> [TRY IT]: Exactly reproduce the lines of the listing below from the one containing "Pacote de vinte" through the one containing "Wooden Ships American". Skip the images.

> [DATA IN THIS EXERCISE]:
⁂
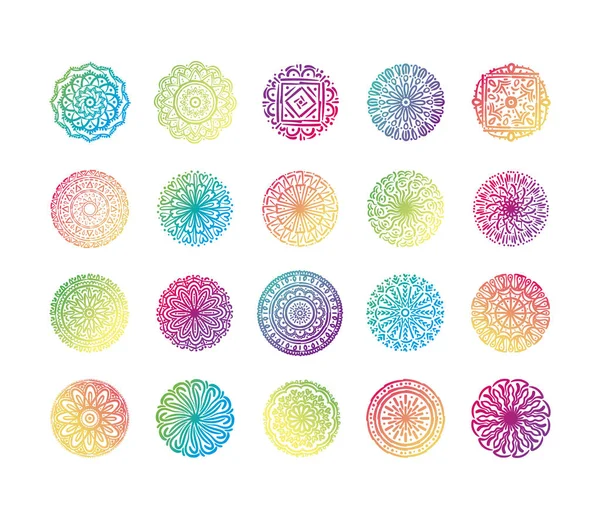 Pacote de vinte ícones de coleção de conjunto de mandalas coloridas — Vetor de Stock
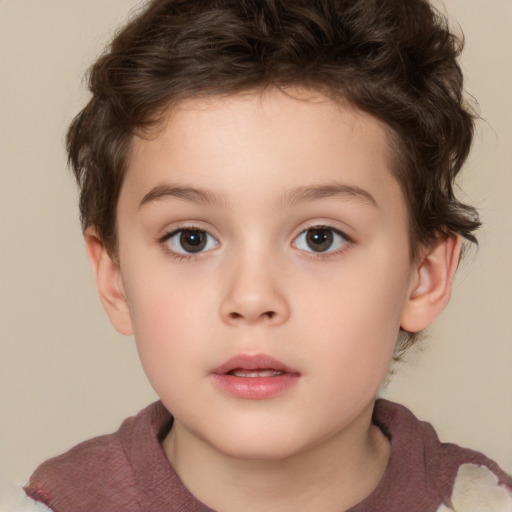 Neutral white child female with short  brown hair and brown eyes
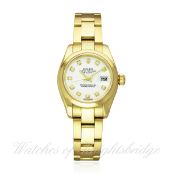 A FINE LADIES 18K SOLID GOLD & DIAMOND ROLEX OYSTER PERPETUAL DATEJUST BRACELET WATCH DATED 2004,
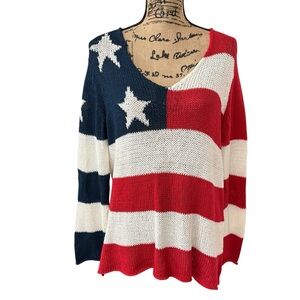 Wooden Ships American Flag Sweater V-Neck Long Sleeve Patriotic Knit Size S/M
⁂
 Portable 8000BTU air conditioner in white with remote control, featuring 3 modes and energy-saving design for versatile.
⁂
> [EXERCISE SOLUTION]:
 Pacote de vinte ícones de coleção de conjunto de mandalas coloridas — Vetor de Stock
 Neutral white child female with short  brown hair and brown eyes
 A FINE LADIES 18K SOLID GOLD & DIAMOND ROLEX OYSTER PERPETUAL DATEJUST BRACELET WATCH DATED 2004,
 Wooden Ships American Flag Sweater V-Neck Long Sleeve Patriotic Knit Size S/M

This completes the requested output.